Of course there are and can be conventions but getting some agreement is not
trivial. We only have to look at \UNICODE\ math to see some issues, like:

\startitemize[packed]
\startitem
    The repertoire of symbols is large but to a large extent somewhat arbitrary:
    what was known (or assumed) to be used got in there. There is a difference
    between a left, right and even middle bar, just like there is a left and
    right brace.
\stopitem
\startitem
    There are alphabets but they come with holes. We're not supposed to
    distinguish between a Plank constant \quote {h} and variable \quote {h}. We
    can distinguish the greek uppercase \type {A} from a latin \type {A} so
    mathematicians are less convincing.
\stopitem
\startitem
    One can define extensible fences with components but not all of them. There
    are no constructors for arrows. Some likely come from old encodings but
    why add these and not be consistent.
\stopitem
\stopitemize

Plugging a hole in an alphabet is doable. Adding some missing snippets for fences
is also no big deal, just because we have a limited set. Making bars consistent
also is not hard. But I don't see it happen soon. After all, we're decades along
the road and no one bothered much about it till now, and above all, it will never
be complete. I wonder if there ever has been a good analysis, extensive
description and a watertight arguing from the \TEX\ community about what should
go in \UNICODE\ and fonts. It was easy to point to existing fonts and the names
used in macro packages and that shows.

To the above we can add:

\startitemize[packed]
\startitem
    There are some combinations of arrows and e.g.rules missing that could have
    made adding composed constructs easier when there is demand for that. After
    all, this is what existing characters are also used for. And these chemistry
    ones fit into this.
\stopitem
\stopitemize

Our solution is to just accept that the \TEX\ community got what it deserved: a
bit of chaos, unreliable cur'n'paste support, symbols but no meaning, imperfect
\UNICODE\ coverage and therefore imperfect coverage in fonts. The good news is
that we can adapt. But we have to be honest: it is not perfect.

\stopsection

\startsection[title=How about]

As mentioned we have a problem with base glyphs versus extensibles and these
combined hooked things are bad for that.
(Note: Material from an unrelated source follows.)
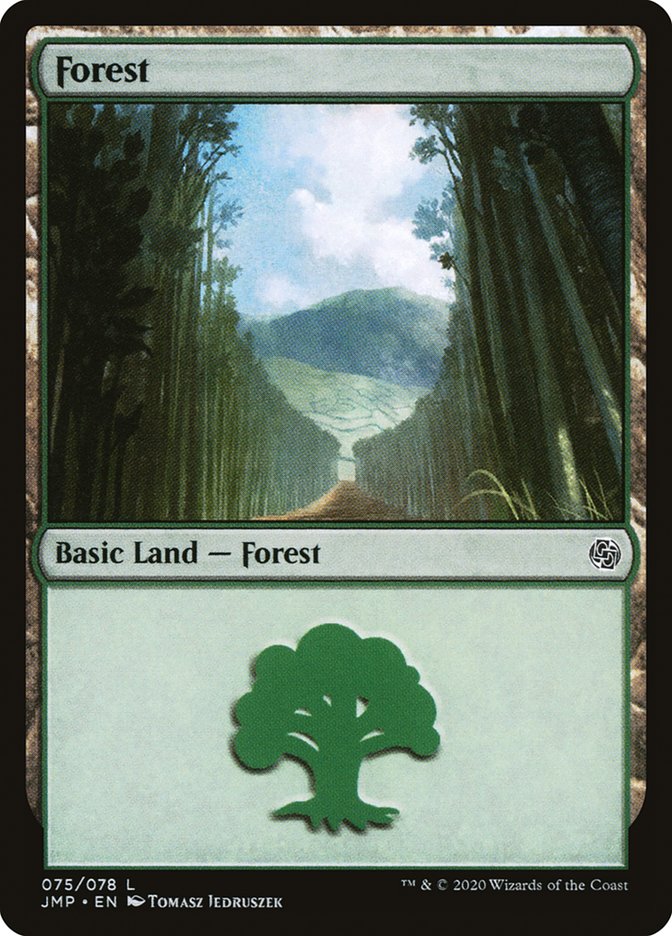 Forest (75) [Jumpstart] Magic: The Gathering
In the chemistry macros the first four
are the ones that we always had and the last two are examples of how we can
render the two leaning extras.

\starttabulate[|c||c||]
\NC \type {<->} \NC \ic {A + B <-> C}\NC \type {<-->} \NC \ic {A + B <--> C} \NC \NR
\NC \type {->}  \NC \ic {A + B  -> C}\NC \type {-->}  \NC \ic {A + B  --> C} \NC \NR
\NC \type {<-}  \NC \ic {A + B <-  C}\NC \type {<--}  \NC \ic {A + B <--  C} \NC \NR
\NC \type {<=>} \NC \ic {A + B <=> C}\NC \type {<==>} \NC \ic {A + B <==> C} \NC \NR
\ML
\NC \type {=>}  \NC \ic {A + B  => C}\NC \type {==>}  \NC \ic {A + B  ==> C} \NC \NR
\NC \type {<=}  \NC \ic {A + B <=  C}\NC \type {<==}  \NC \ic {A + B <==  C} \NC \NR
\stoptabulate

Watch the longer should arrow. Not al fonts have it as extensible, which
indicates that not that much thought has been put in usage patterns. That said,
more interesting would be to use something like this, where we fake a character
from two existing arrows:

\startlinecorrection
\switchtobodyfont[cambria]
\definemathextensible [mathematics] [mleftarrowdashed]  ["21E0]
\definemathextensible [mathematics] [mrightarrowdashed] ["21E2]
\setupmathstackers[mathematics][strut=no]
\startcombination[nx=4,ny=1]
    {\vbox{\offinterlineskip\glyphscale2000
        \ruledhbox{$\mrightarrow     {}{}$}
        \ruledhbox{$\mleftarrowdashed{}{}$}
    }} {}
    {\vbox{\offinterlineskip\glyphscale2000
        \ruledhbox{$\mrightarrow{}{}$}
        \ruledhbox{$\mleftarrow {}{}$}
    }} {}
    {\vbox{\offinterlineskip\glyphscale2000
        \ruledhbox{$\mrightarrowdashed{}{}$}
        \ruledhbox{$\mleftarrow       {}{}$}
    }} {}
    {\vbox{\offinterlineskip\glyphscale2000
        \ruledhbox{$\mrightarrowdashed{}{}$}
        \ruledhbox{$\mleftarrowdashed {}{}$}
    }} {}
%     {\vbox{\offinterlineskip\glyphscale2000
%         \ruledhbox to 2cm{$\mrightarrow     {\hskip2cm}{}$}
%         \ruledhbox to 2cm{$\mleftarrowdashed{\hskip2cm}{}$}
%     }} {}
%     {\vbox{\offinterlineskip\glyphscale2000
%         \ruledhbox to 2cm{$\mrightarrow{\hskip2cm}{}$}
%         \ruledhbox to 2cm{$\mleftarrow {\hskip2cm}{}$}
%     }} {}
%     {\vbox{\offinterlineskip\glyphscale2000
%         \ruledhbox to 2cm{$\mrightarrowdashed{\hskip2cm}{}$}
%         \ruledhbox to 2cm{$\mleftarrow       {\hskip2cm}{}$}
%     }} {}
%     {\vbox{\offinterlineskip\glyphscale2000
%         \ruledhbox to 2cm{$\mrightarrowdashed{\hskip2cm}{}$}
%         \ruledhbox to 2cm{$\mleftarrowdashed {\hskip2cm}{}$}
%     }} {}
\stopcombination
\stoplinecorrection

However, not all math fonts provide these dashed arrows and therefore here we
have to use Cambria (here). And even if it has such dashed hashes, they don't
come with an extensible. I just want to point out that by looking at what we
already have, it might make more sense to extend some (combinations) of those.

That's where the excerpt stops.